## Problem requirements
Reproduce the listing exactly, with no pictures in your copy.

## Input records
........

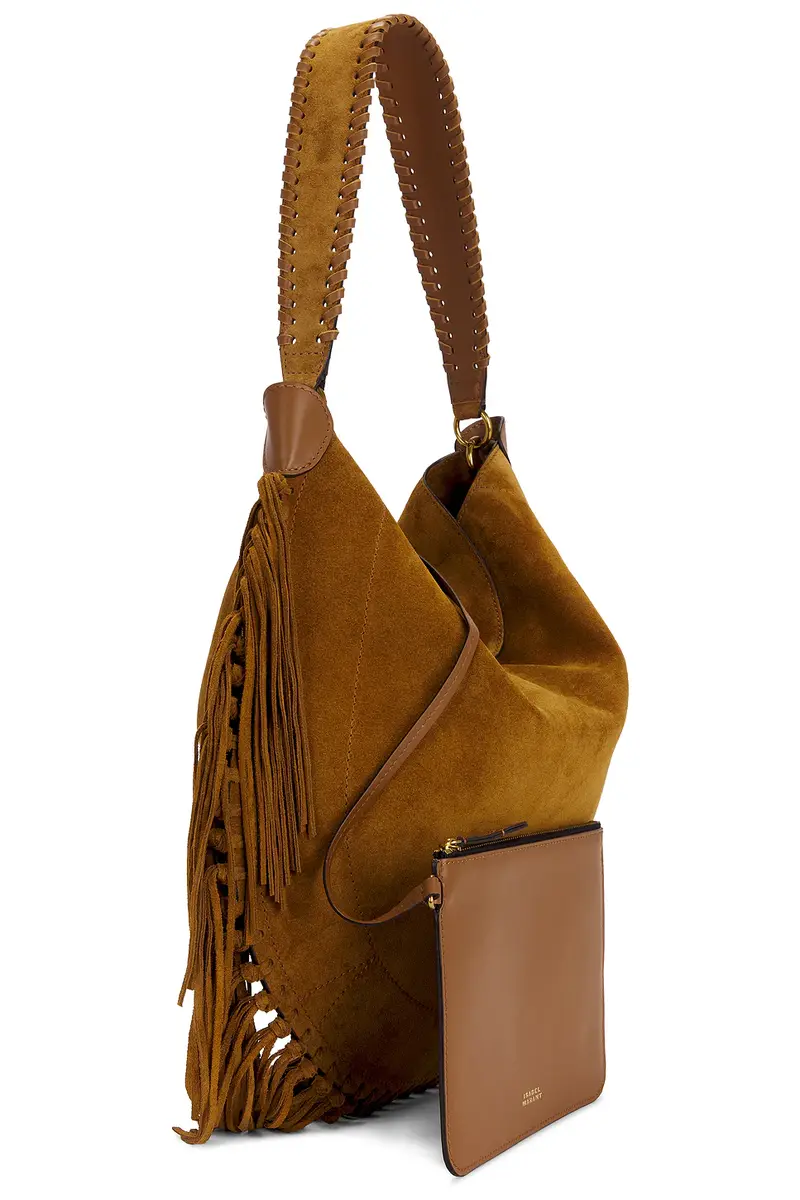 Isabel Marant Oskan Hobo Soft Bag | Thumbnail 4 Isabel Marant Oskan Hobo Soft Bag | Thumbnail 4
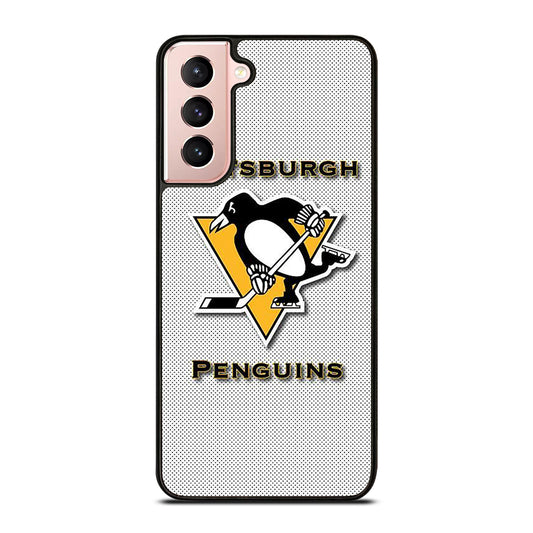 PITTSBURGH PENGUINS ICON Samsung Galaxy S21 Case Cover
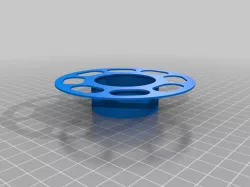 Small Cable Spool for my Computer cables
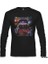 Cradle Of Filth Siyah Erkek Sweatshirt 2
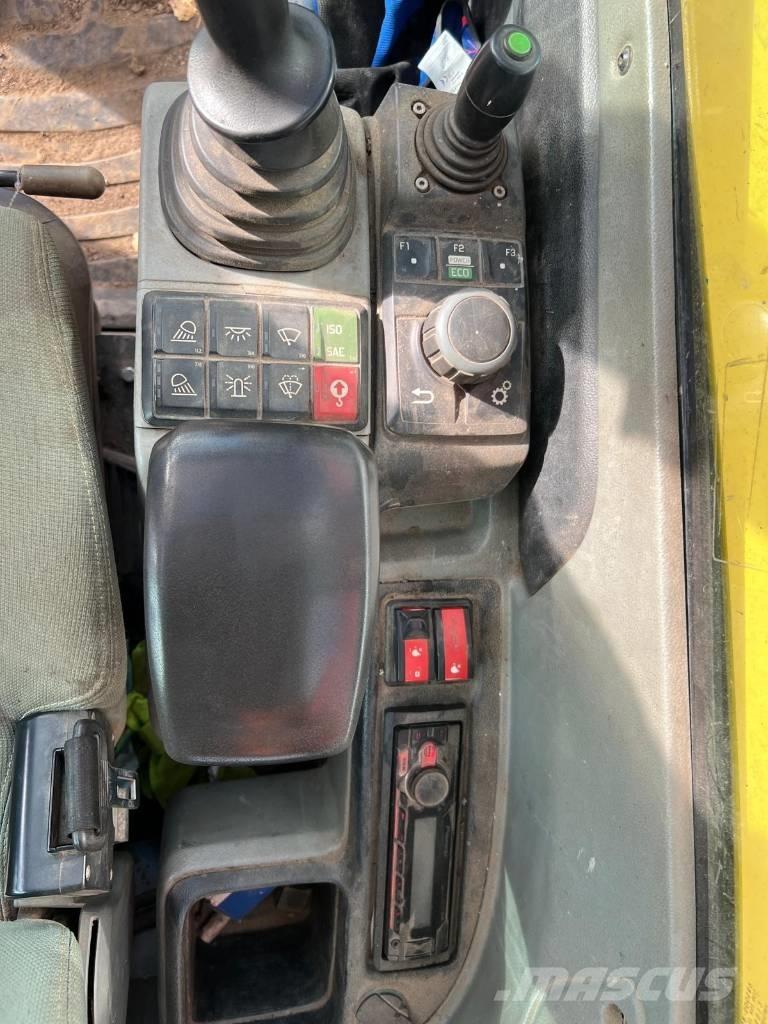 Neuson EZ 80 Midigravere 7 - 12t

........

## Written solution
 Isabel Marant Oskan Hobo Soft Bag | Thumbnail 4 Isabel Marant Oskan Hobo Soft Bag | Thumbnail 4
 PITTSBURGH PENGUINS ICON Samsung Galaxy S21 Case Cover
 Small Cable Spool for my Computer cables
 Cradle Of Filth Siyah Erkek Sweatshirt 2
 Neuson EZ 80 Midigravere 7 - 12t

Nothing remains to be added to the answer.